* [Input]
================================
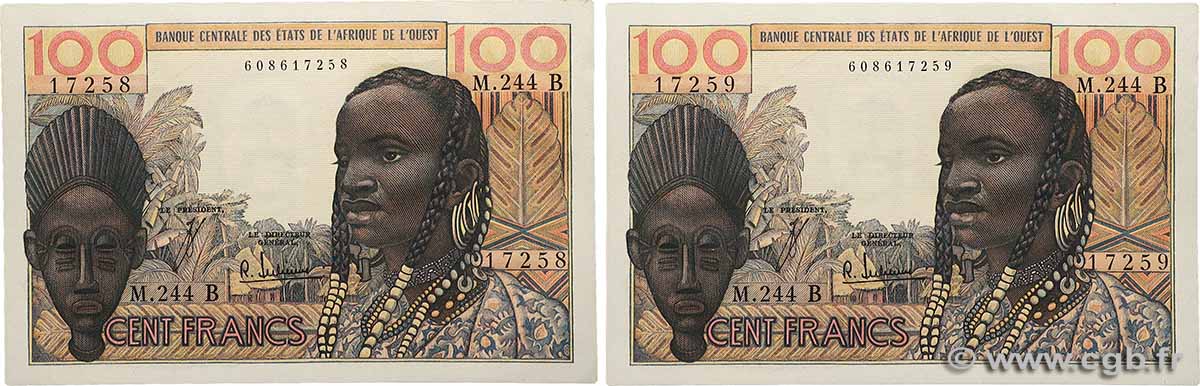 100 Francs Consécutifs WEST AFRIKANISCHE STAATEN 1965 P.201Bf fST+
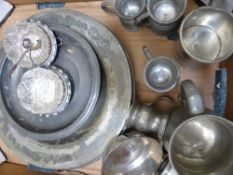 Collection of misc. pewter and silver plate incl. four pewter plates, one stamped S S, dish with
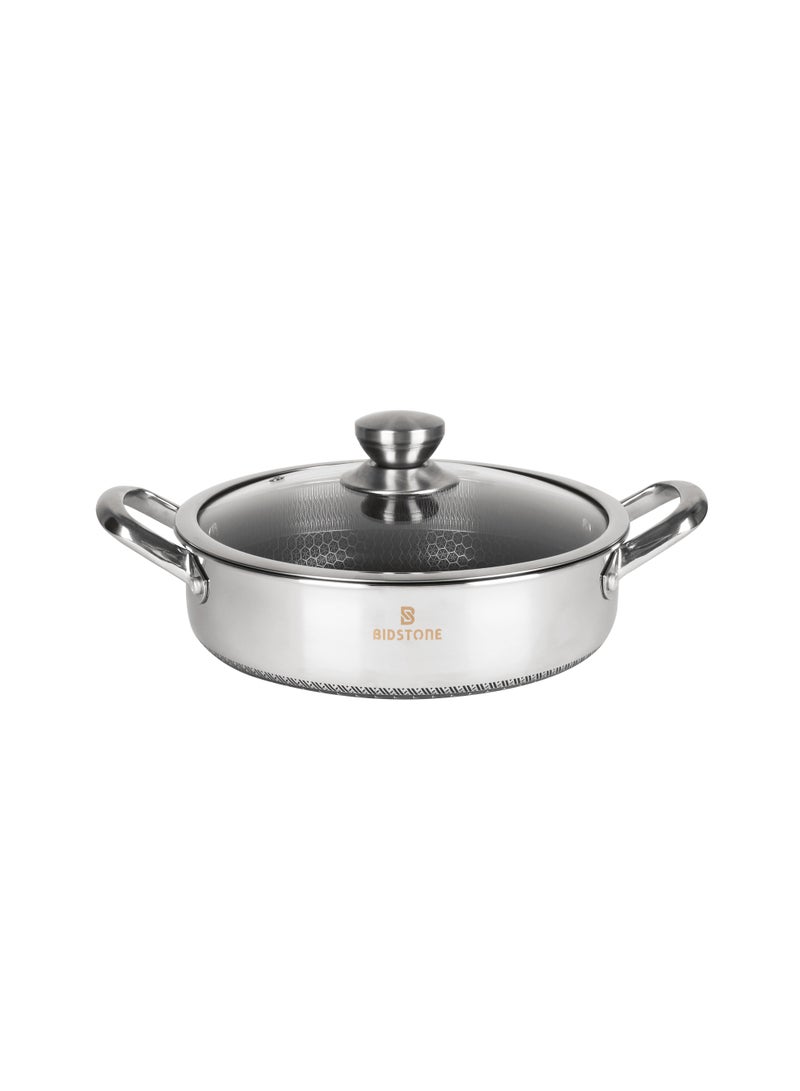 Bidstone Premium Stainless-Steel Shallow Pot 32 CM (6.7 L) – Induction Ready, Microwave Safe, Non-Stick Interior, Easy to Clean, Silver Color, 2-Piece Set - Image 3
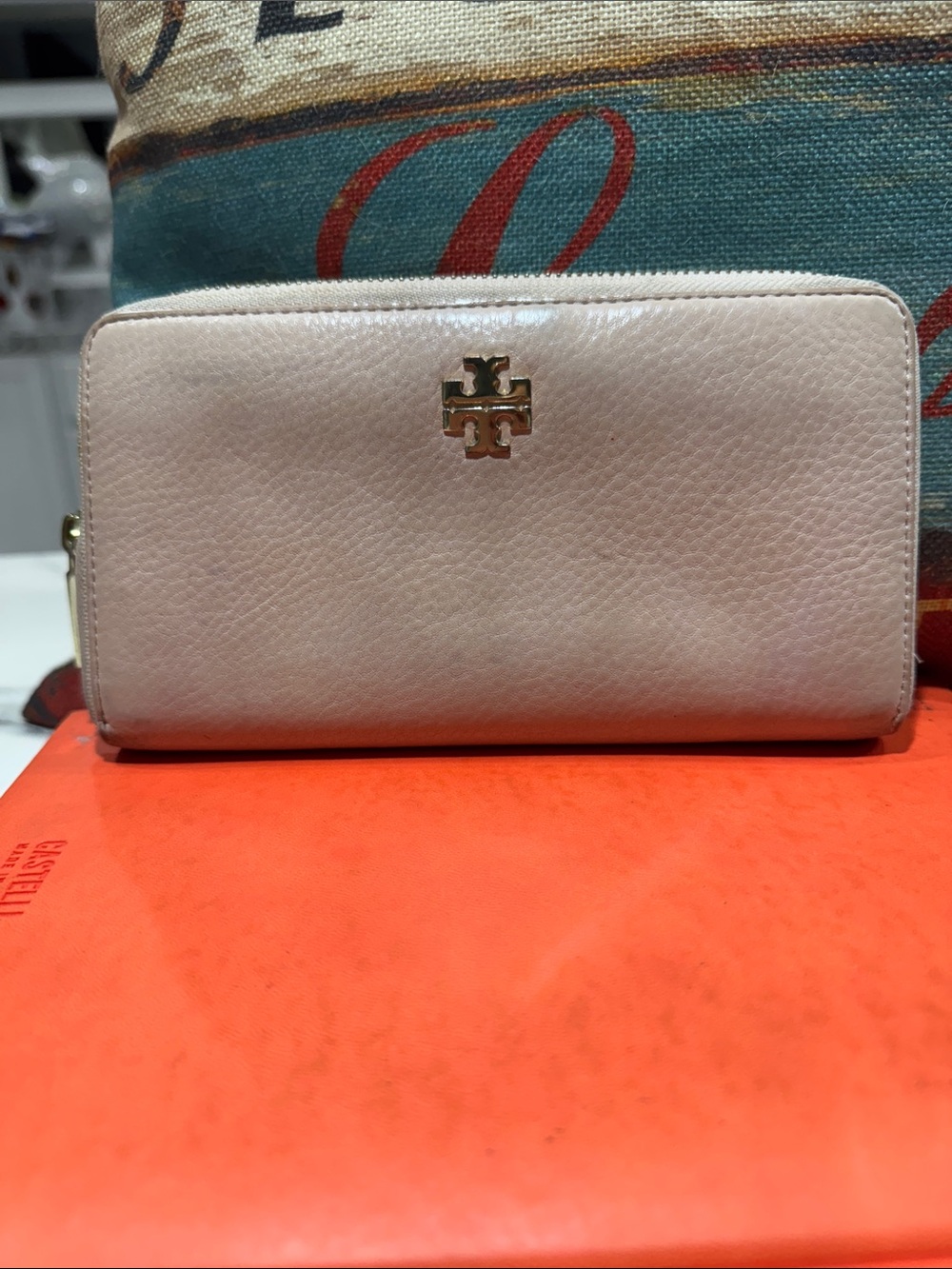 Tory Burch Light Pink Pebbled Zip Wallet with Gold Logo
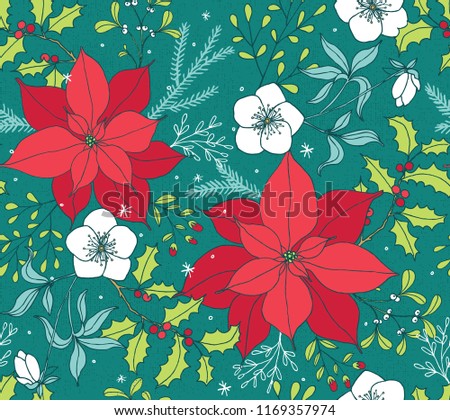Doodled Christmas Poinsettia Floral Seamless Vector Pattern with Holly, Hellebores, Pine, and Berries. Trendy colors and textures.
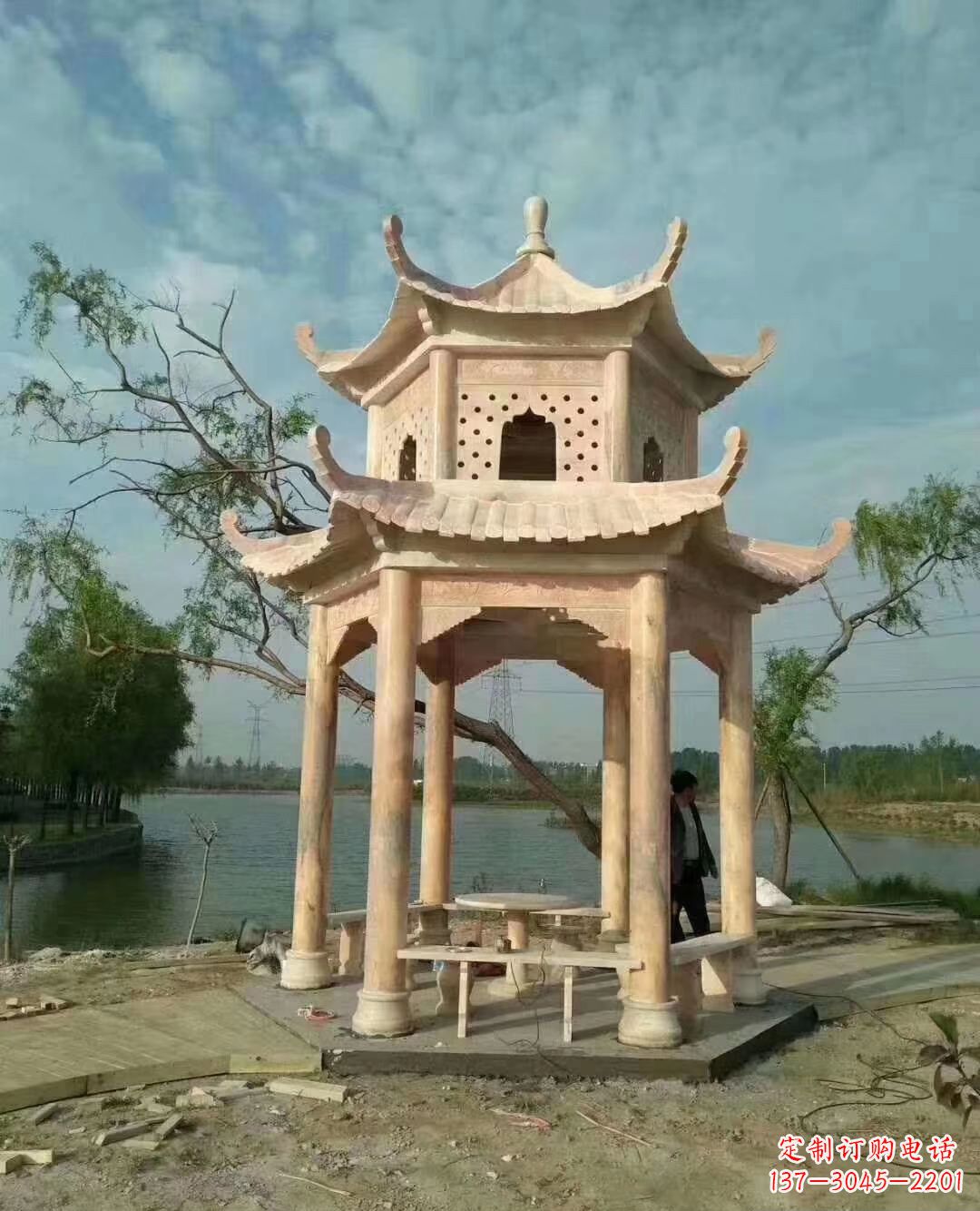 廊坊晚霞红双层石凉亭 (2)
================================
* [Your objective] Nothing but the lines from the line containing "Doodled Christmas Poinsettia" through the last line of the records above should be written out, exactly and without the pictures.

* [Reply to the task]
Doodled Christmas Poinsettia Floral Seamless Vector Pattern with Holly, Hellebores, Pine, and Berries. Trendy colors and textures.
 廊坊晚霞红双层石凉亭 (2)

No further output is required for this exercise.